*** Opening of EXCERPTED RECORDS ***

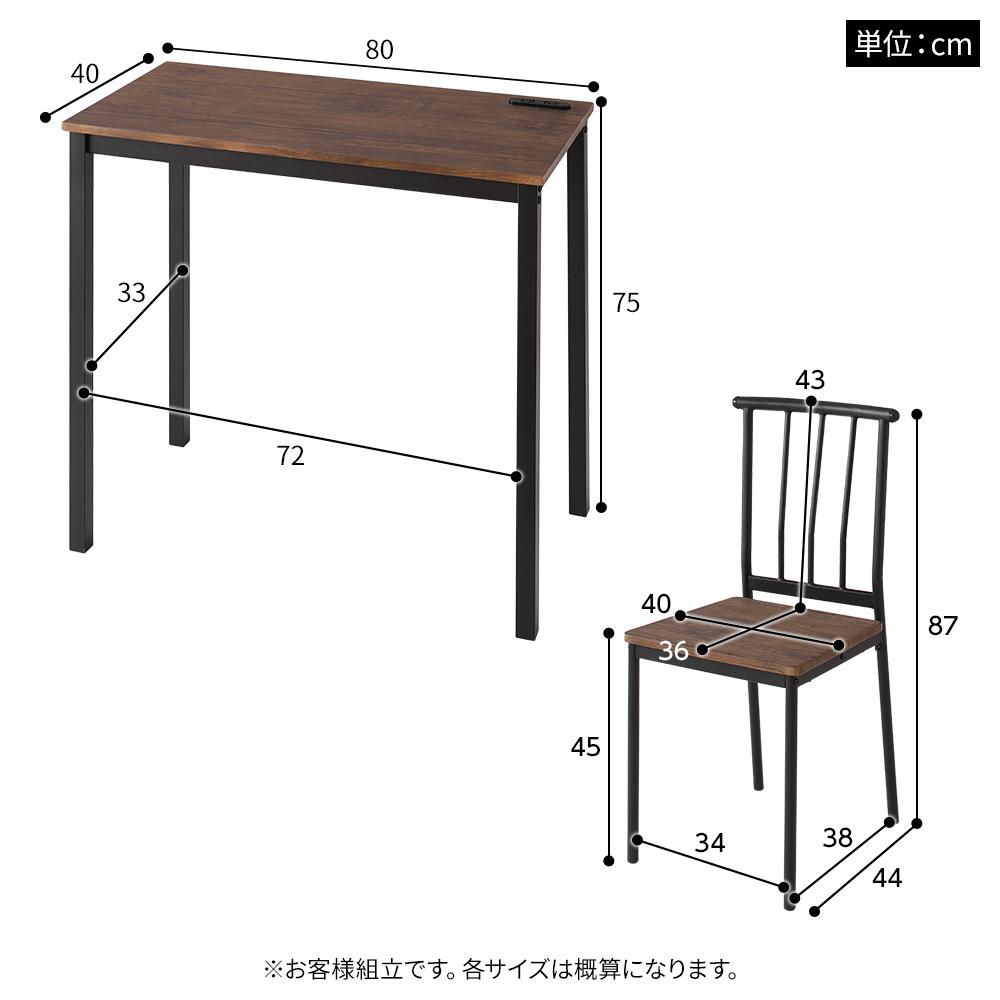 コンセント付き デスクチェアセット - テスト環境2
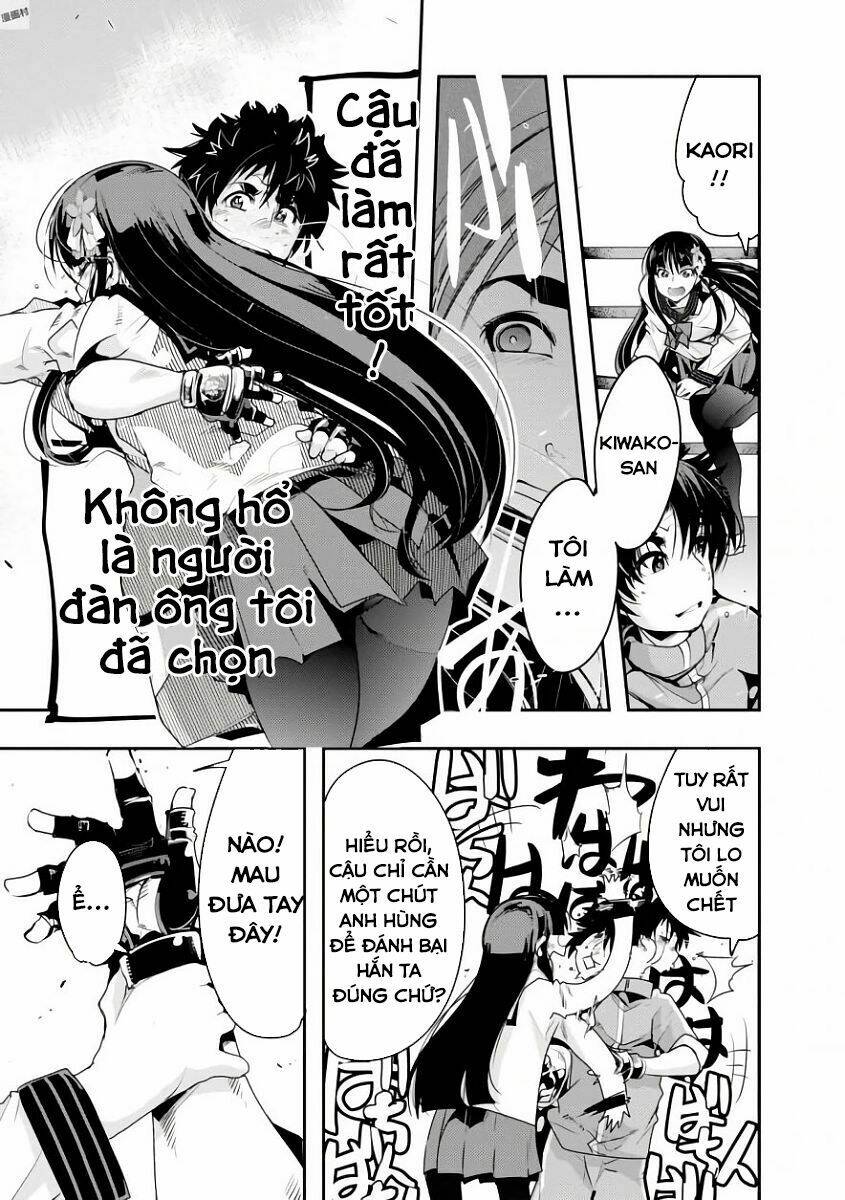 Bunbu Ryoutou - Saikyou Saichi no Sodatekata - Chapter 1 - Page 82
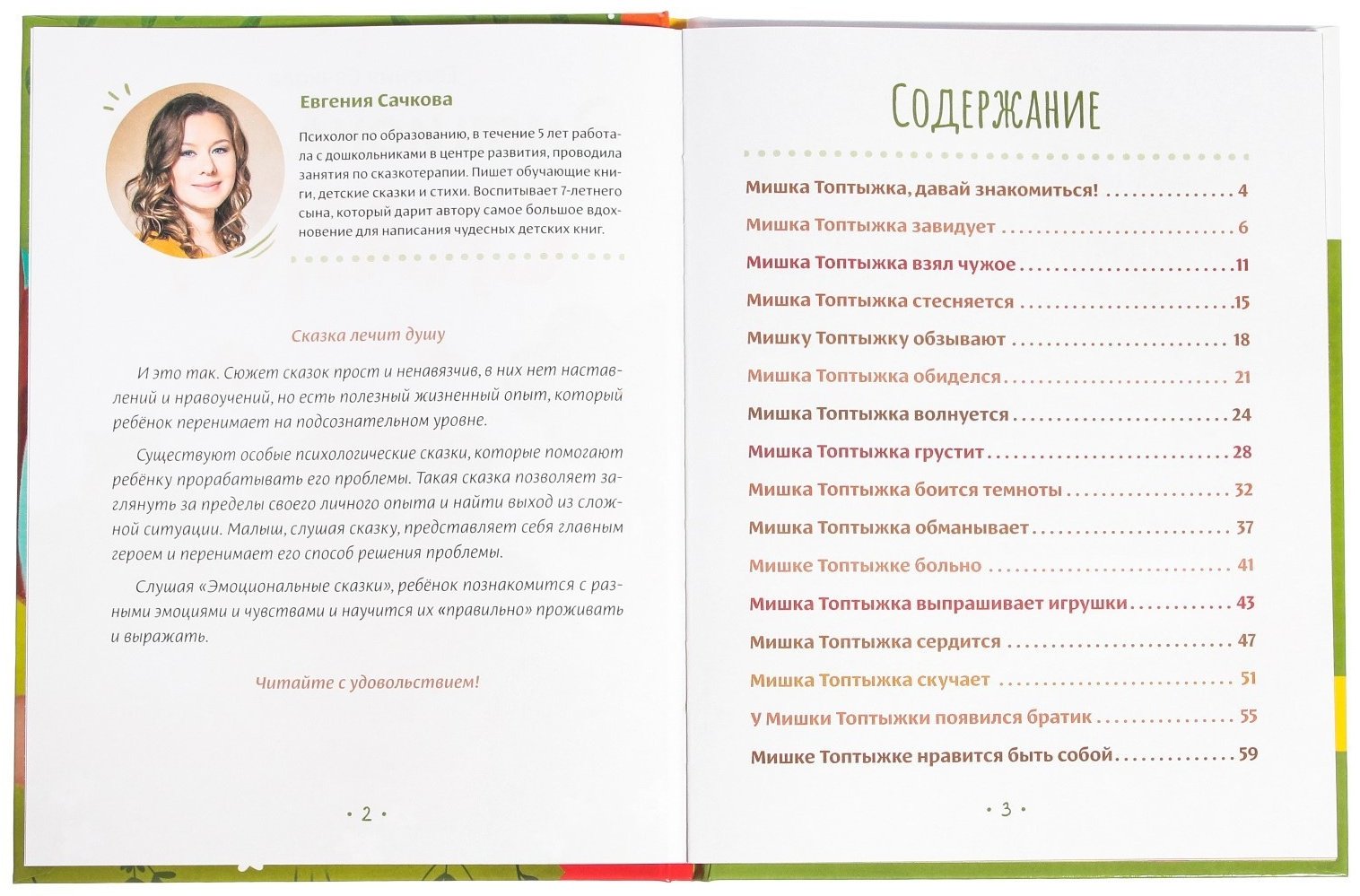 Книга Е.Сачкова: Эмоциональные сказки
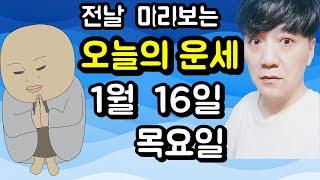 오늘의운세, 1월 16일 ,목요일, 타로,운세,사주,띠별운세,미금,신점,명품,통변  #오늘의운세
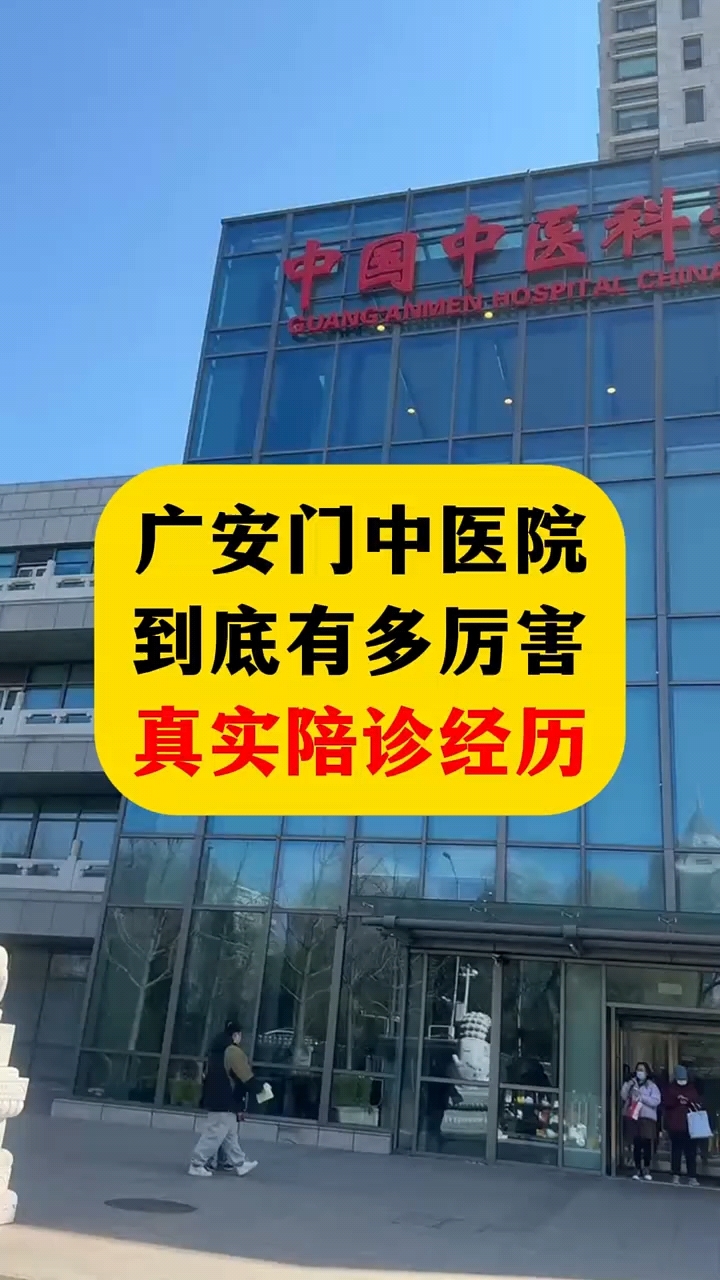 广安门中医医院、海淀区号贩子专家预约代挂的简单介绍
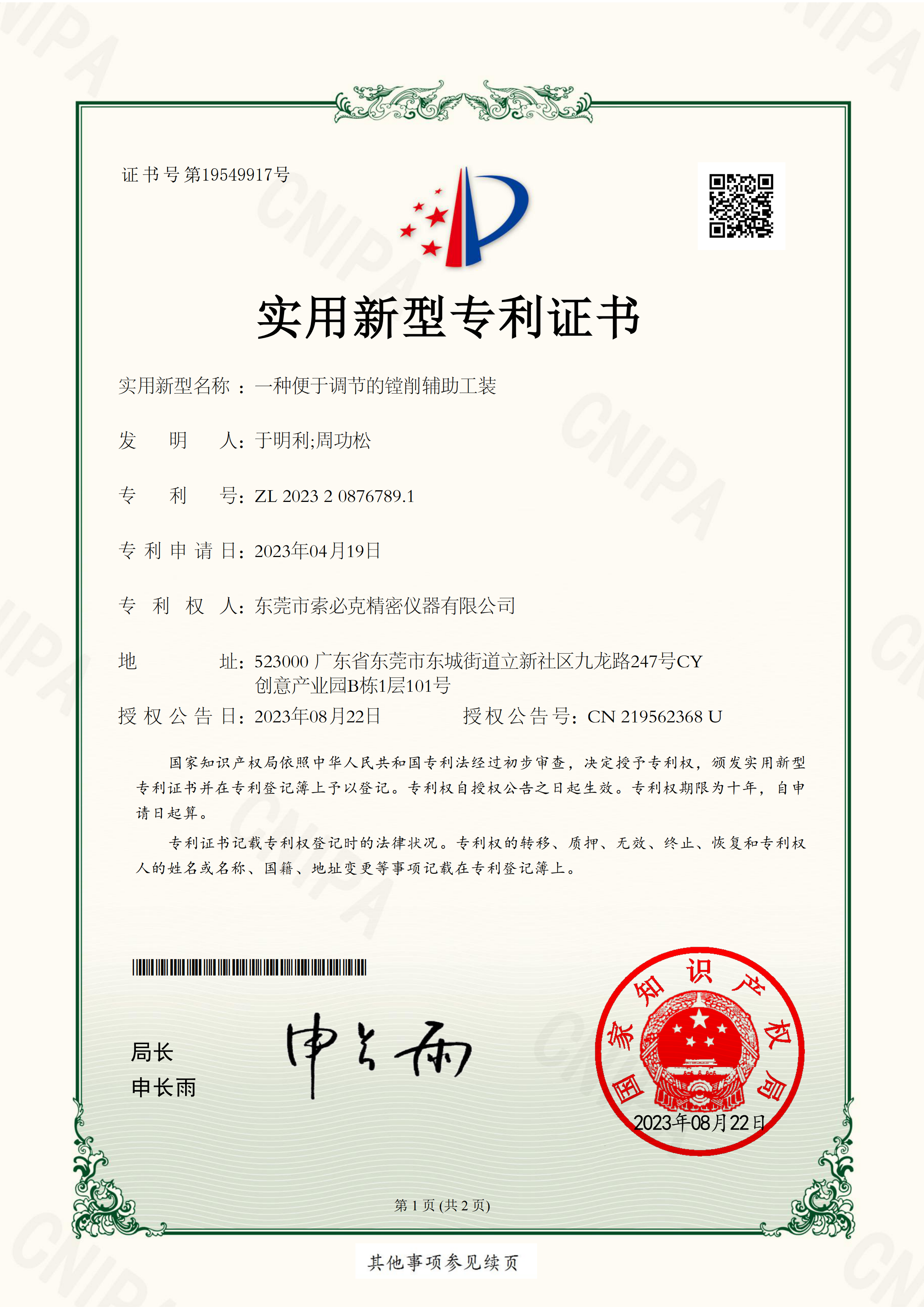 索必克-一种便于调节的镗削辅助工装-专利证书-2023208767891_01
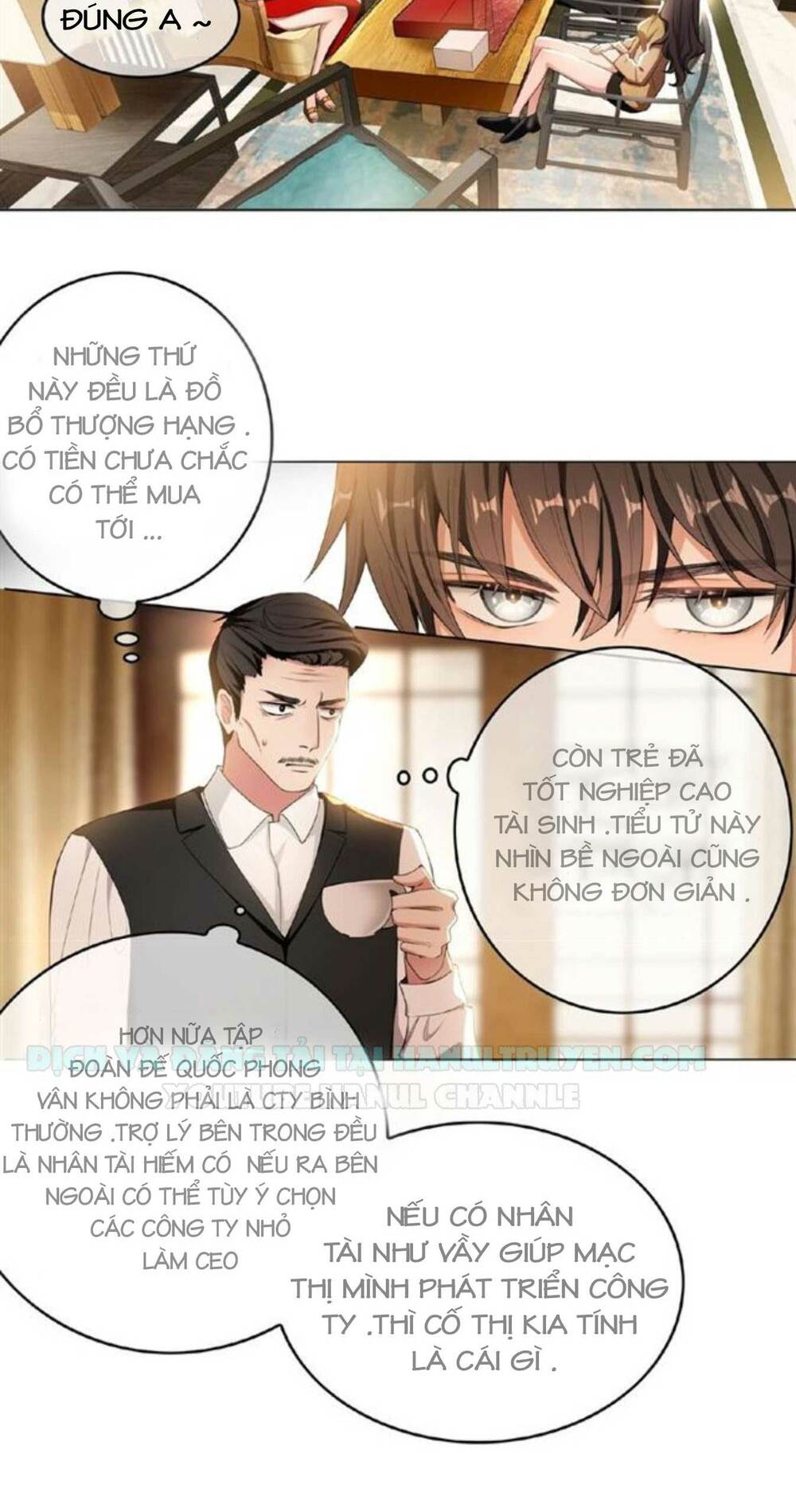 cô vợ nhỏ nuông chiều quá lại thành ác!! chapter 58 3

*** Close of EXCERPTED RECORDS ***

== WHAT THE EXERCISE ASKS ==
Give an exact copy of the data, and omit any pictures it holds.

== OUTPUT OF THE TASK ==
 コンセント付き デスクチェアセット - テスト環境2
 Bunbu Ryoutou - Saikyou Saichi no Sodatekata - Chapter 1 - Page 82
 Книга Е.Сачкова: Эмоциональные сказки
 오늘의운세, 1월 16일 ,목요일, 타로,운세,사주,띠별운세,미금,신점,명품,통변  #오늘의운세
 广安门中医医院、海淀区号贩子专家预约代挂的简单介绍
 索必克-一种便于调节的镗削辅助工装-专利证书-2023208767891_01
 cô vợ nhỏ nuông chiều quá lại thành ác!! chapter 58 3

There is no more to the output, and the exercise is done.